- Exercise requirements: Using the data below, print exactly the line with "15 oz. White Mug", the line with "KIT STRIP LED 7,2W 3 M IP54 CALDA", and every line between them, but none of the pictures.

Caption-style text data:
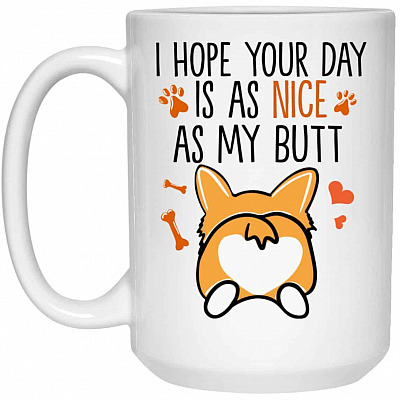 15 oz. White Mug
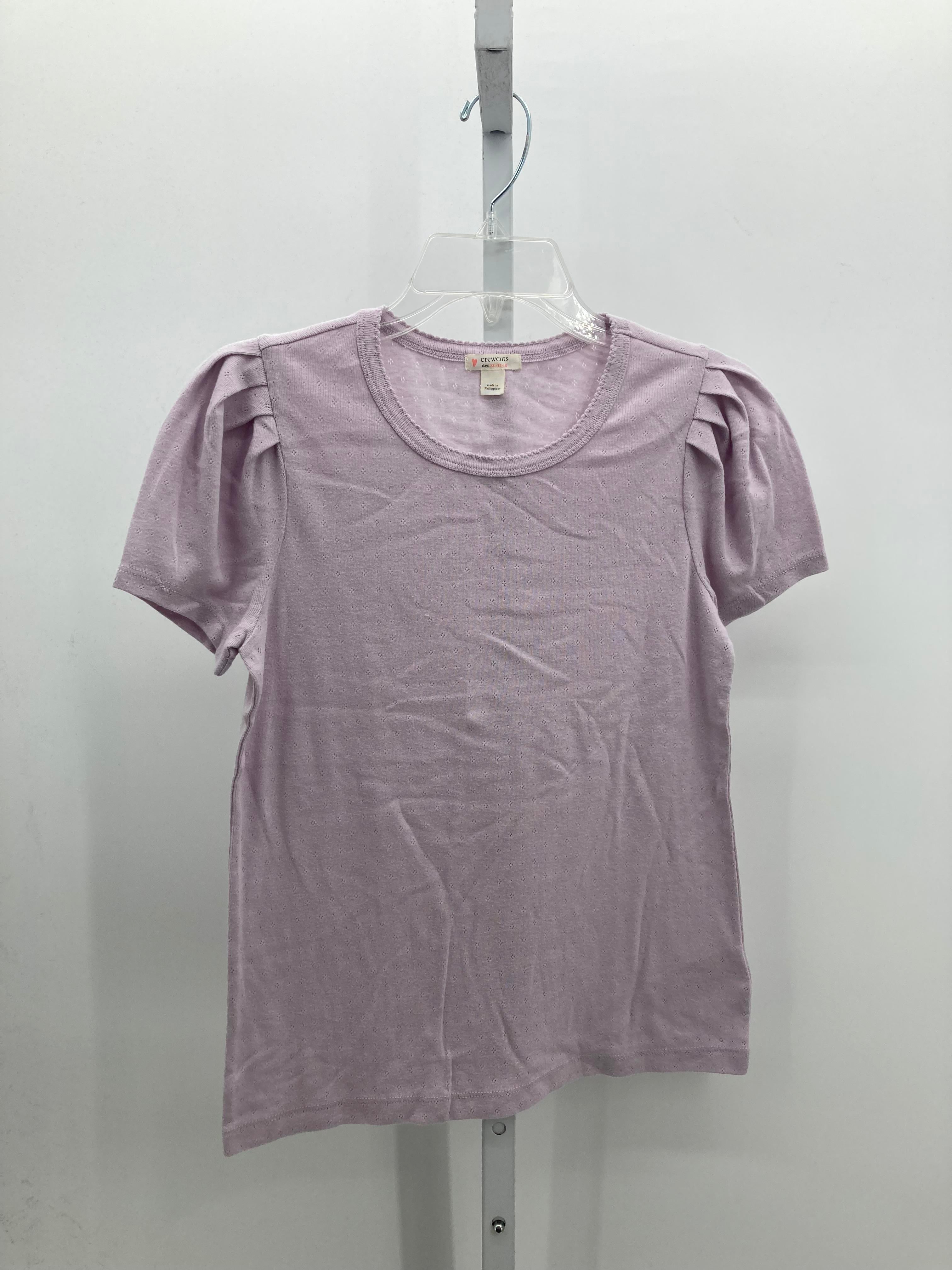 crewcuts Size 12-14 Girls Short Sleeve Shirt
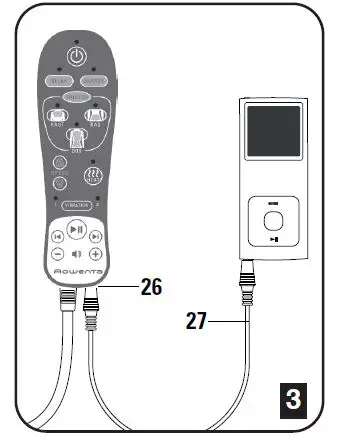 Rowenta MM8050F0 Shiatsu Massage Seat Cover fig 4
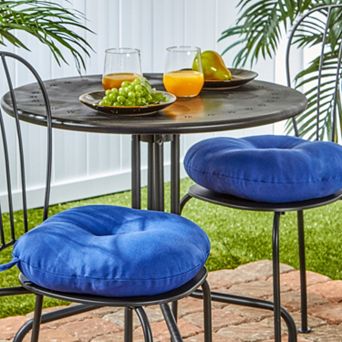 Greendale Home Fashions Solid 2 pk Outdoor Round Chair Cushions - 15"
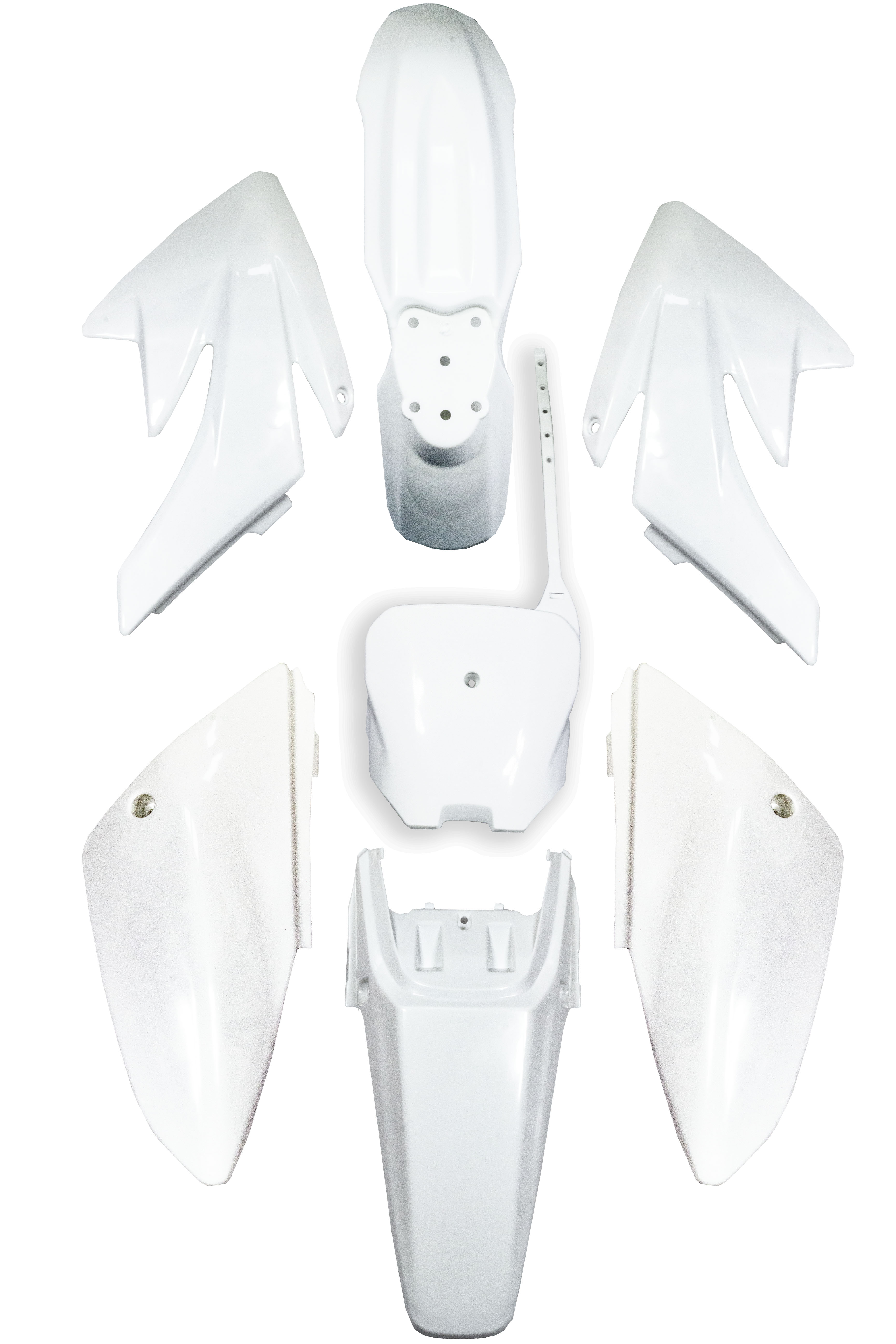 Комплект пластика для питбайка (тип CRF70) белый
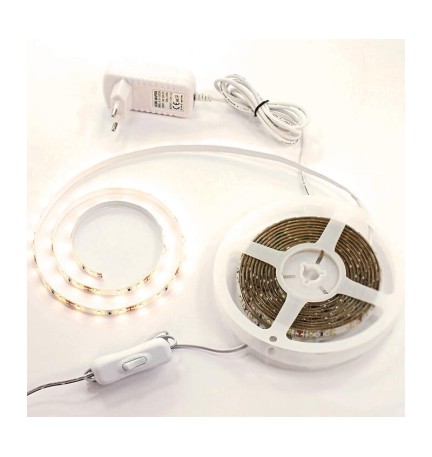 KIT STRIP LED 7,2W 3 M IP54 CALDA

--

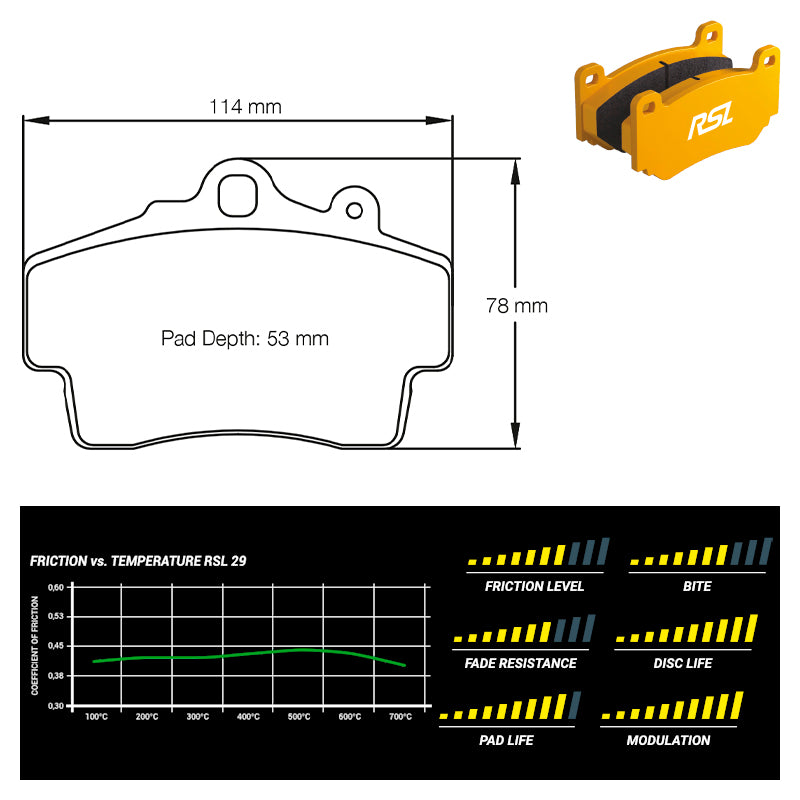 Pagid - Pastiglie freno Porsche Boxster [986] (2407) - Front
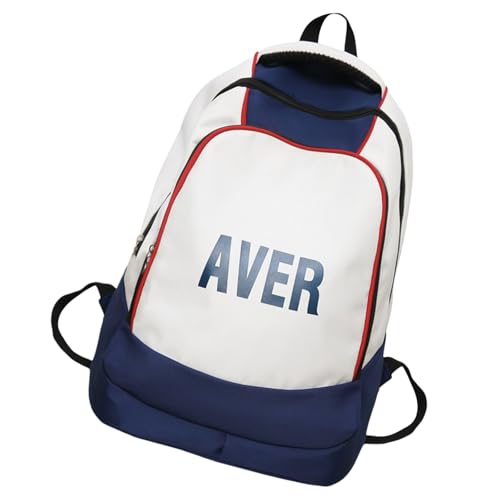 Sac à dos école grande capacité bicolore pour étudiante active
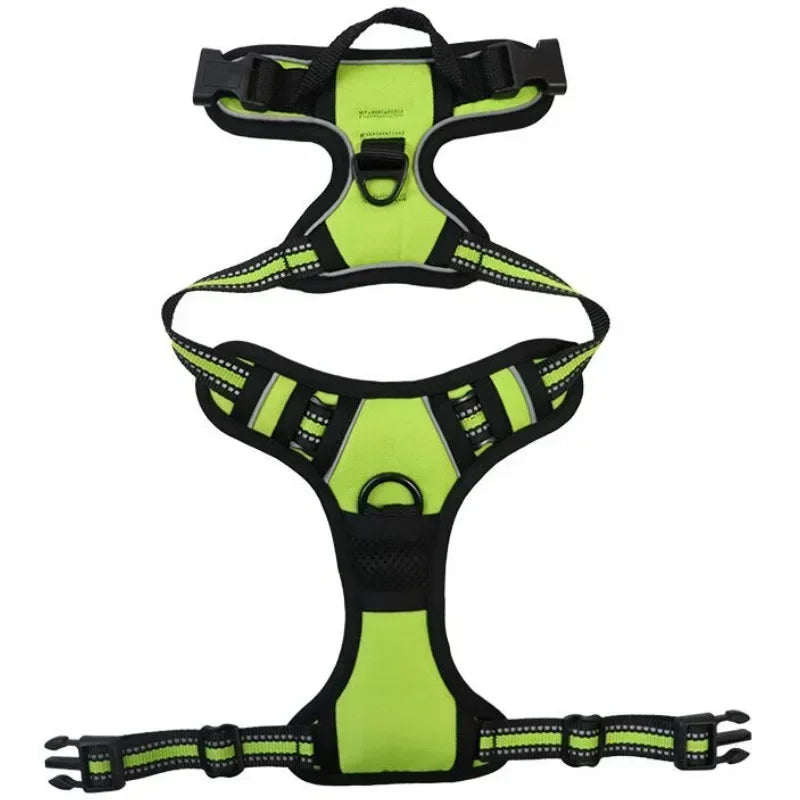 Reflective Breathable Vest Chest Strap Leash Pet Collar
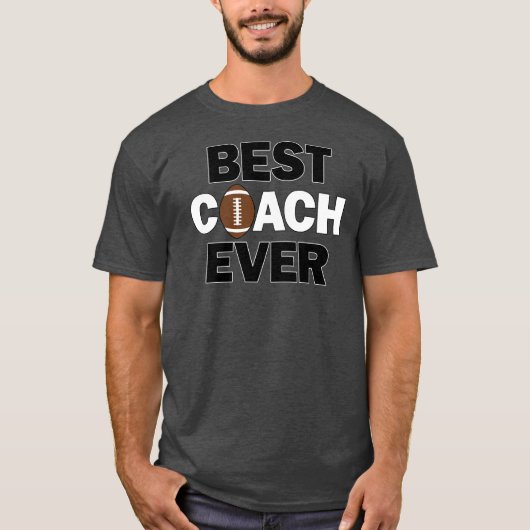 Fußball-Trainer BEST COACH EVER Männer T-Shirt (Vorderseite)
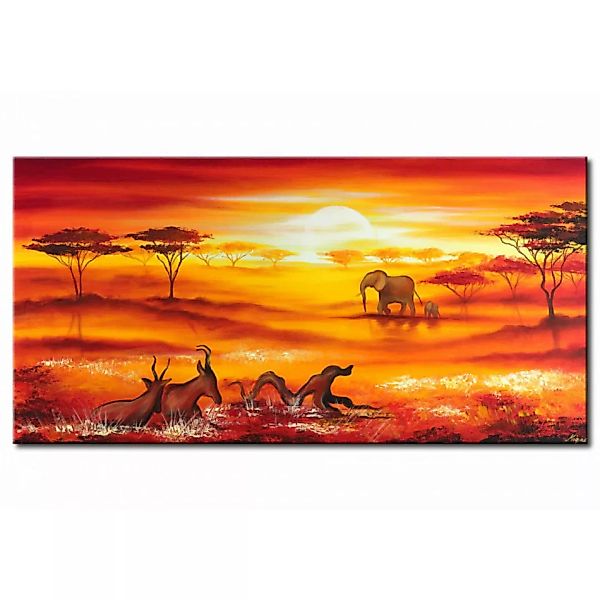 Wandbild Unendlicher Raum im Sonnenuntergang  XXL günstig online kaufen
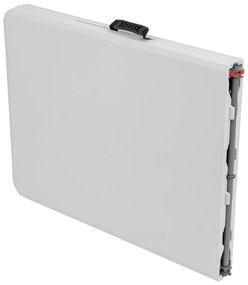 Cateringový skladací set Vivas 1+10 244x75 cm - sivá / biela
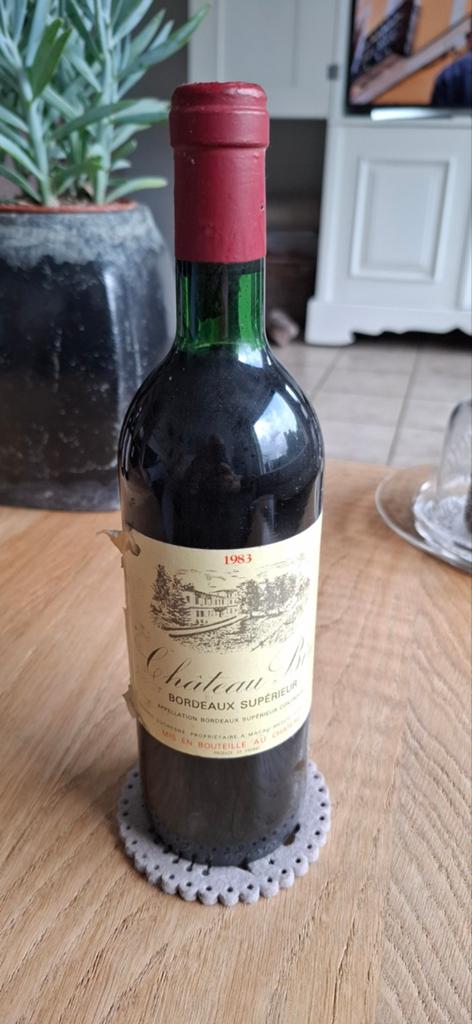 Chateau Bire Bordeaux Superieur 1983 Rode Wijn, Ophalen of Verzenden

- Solution:
 15 oz. White Mug
 crewcuts Size 12-14 Girls Short Sleeve Shirt
 Rowenta MM8050F0 Shiatsu Massage Seat Cover fig 4
 Greendale Home Fashions Solid 2 pk Outdoor Round Chair Cushions - 15"
 Комплект пластика для питбайка (тип CRF70) белый
 KIT STRIP LED 7,2W 3 M IP54 CALDA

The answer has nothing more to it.